Conception, texte et direction de Milo Rau avec Aimone De Zordo, Fons Dumont, Arno John Keys, Blanche Ghyssaert, Lucia Redondo, Peter Seynaeve, Pepijn Siddiki & Eva Luna Van Hijfte. Du 23 au 25 février 2018 au Théâtre National.

Sur scène, un adulte et sept enfants. Ils reconstituent ensemble les différents moments de l’affaire Dutroux. Ils sont enquêteurs en interrogeant le père de Marc Dutroux. Ils sont victimes en rejouant le témoignage d’une des fillettes. De la reconstitution de l’enterrement d’un des corps dans une forêt à la cave de l’assassin, les enfants jouent et filment eux-mêmes tous les rôles et toutes les scènes. « Quand on joue, on est amoureux… mais on n’est pas vraiment amoureux. Tu vois là, ta camarade est morte… mais elle n’est pas vraiment morte. »

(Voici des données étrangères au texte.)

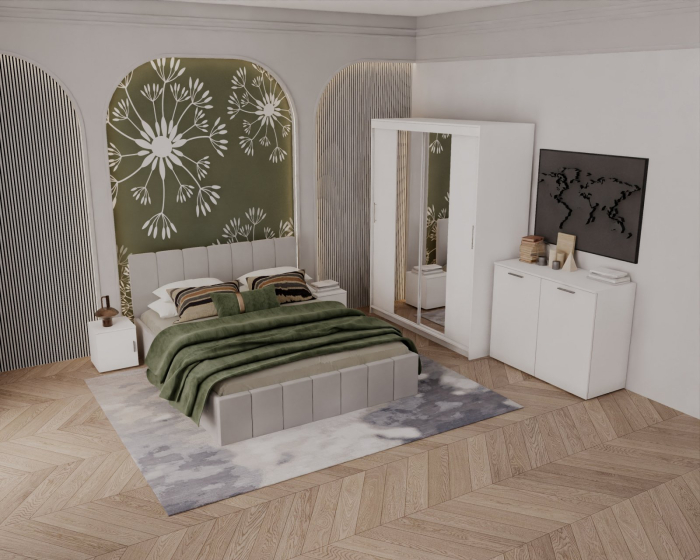 Set Dormitor Alex cu oglinda, 160x200cm, Gri deschis + Alb, Pal 18 mm [2]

Five Easy Pieces est un spectacle impressionnant par sa richesse et par la multitude des questionnements qu’il soulève. C’est une réflexion sur le théâtre et ce que jouer signifie. Qu’elle est la différence finalement entre interpréter une chanson de Rihanna, jouer au gendarme et au voleur, ou jouer à être une des victimes de Marc Dutroux ? Si vous trouvez cette question glaçante, et c’est largement compréhensible, c’est clairement un des effets de ce spectacle. On y rit beaucoup, on y est bousculé, et on y réfléchit pas mal en en sortant.

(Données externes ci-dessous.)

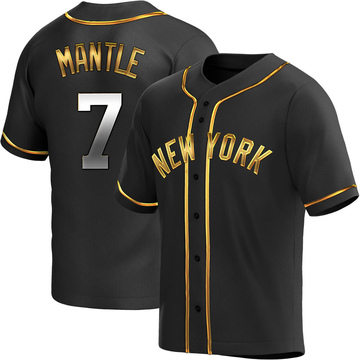 Replica Mickey Mantle Men's New York Yankees Black Golden Alternate Jersey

Et alors que l’on s’habitue assez rapidement au fait que les enfants fassent tout, l’élément qu’on pourrait dire instable est l’adulte. On est contraint de s’y ajuster en permanence. Dès le début de la pièce, il est tranchant. Il prend les enfants de haut, lève les sourcils quand leurs réponses ne lui conviennent pas, les méprisent, leur fait chanter une chanson puis les coupent quand il en a marre, bref il se place clairement au-dessus d’eux. Mais sa façon d’agir est dérangeante pour une raison précise. Ce n’est pas parce qu’il n’a pas la bienveillance d’un pédagogue, mais c’est parce qu’il abuse de son pouvoir comme n’importe quel adulte malveillant le ferait avec n’importe quel autre. En fait, il ne les traite pas comme des enfants, et c’est en y réfléchissant cela le plus dérangeant.

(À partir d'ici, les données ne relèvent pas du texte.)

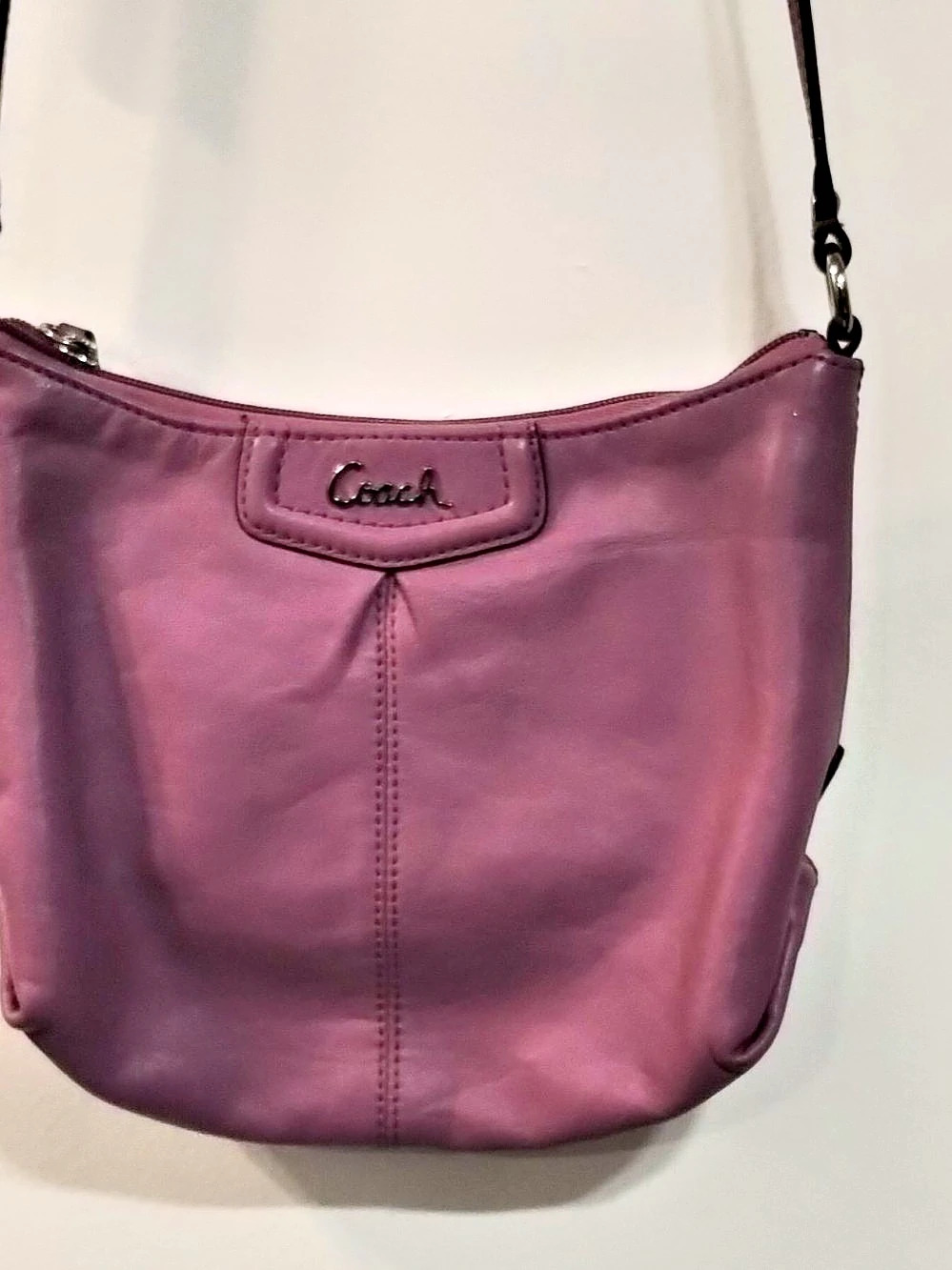 🪻Rare Coach Soho Plum Purple Smooth Leather Crossbody Saddle Bag - Y2K Gem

La scène la plus « malaisante » à ce titre est celle d’une fillette, assise sur un matelas dans la cave reconstituée de Marc Dutroux, et qui raconte à la caméra sa séquestration. Lorsqu’ils s’installent tous autour du matelas pour filmer, l’adulte demande à l’enfant d’enlever ses vêtements, et comme elle ne bouge pas, il monte le ton, puis la gronde « Enlève tes vêtements comme à la répétition ! ». Là encore, il ne la traite que comme une actrice, sans tenir compte de son âge. Et c’est là une des interrogations centrales de la pièce. Qu’est ce qui différencie les enfants des adultes. Et qu’est ce qui différencie le fait de jouer dans sa chambre et devant un public ? On voit bien que pour jouer, il sont nos égaux et même dans certains cas meilleurs que des adultes car ils ne se posent pas de questions inutiles. Mais jusqu’à quel point peut-on les traiter comme tels ?

Milo Rau est un metteur en scène qui crée ses spectacles en universitaire, en partant toujours d’un traitement très sociologique, très documenté et en questionnant systématiquement le rôle des médias dans la transmission du message au public. Pour cela, il intègre à toutes ses scénographies des retransmissions vidéo de ce qui se joue sur scène, des films préparés en amont, ou encore la radio en proposant des casques audio aux spectateurs. Mais ici, il va un cran plus loin, en nous remuant sans cesse par le foisonnement des interrogations transmisses.

Et c’est en cela que c’est un de ses spectacles les plus aboutis, ou du moins un des plus percutants. Comme tout spectacle intelligent, Five Easy Pieces pose de nombreuses questions et surtout celles que l’on refusait de se poser. Comme par exemple, qu’est-ce que ressent le père de Marc Dutroux ? Et comment était ce dernier étant enfant ? Et comme dans tout spectacle intelligent, aucune réponse définitive n’est apportée à toutes ces questions. On nous les pose, nous les impose, nous les imprègne et on nous les fait ressentir : de front, en plein coeur, en nous glaçant le sang, en nous déboussolant, en nous énervant aussi.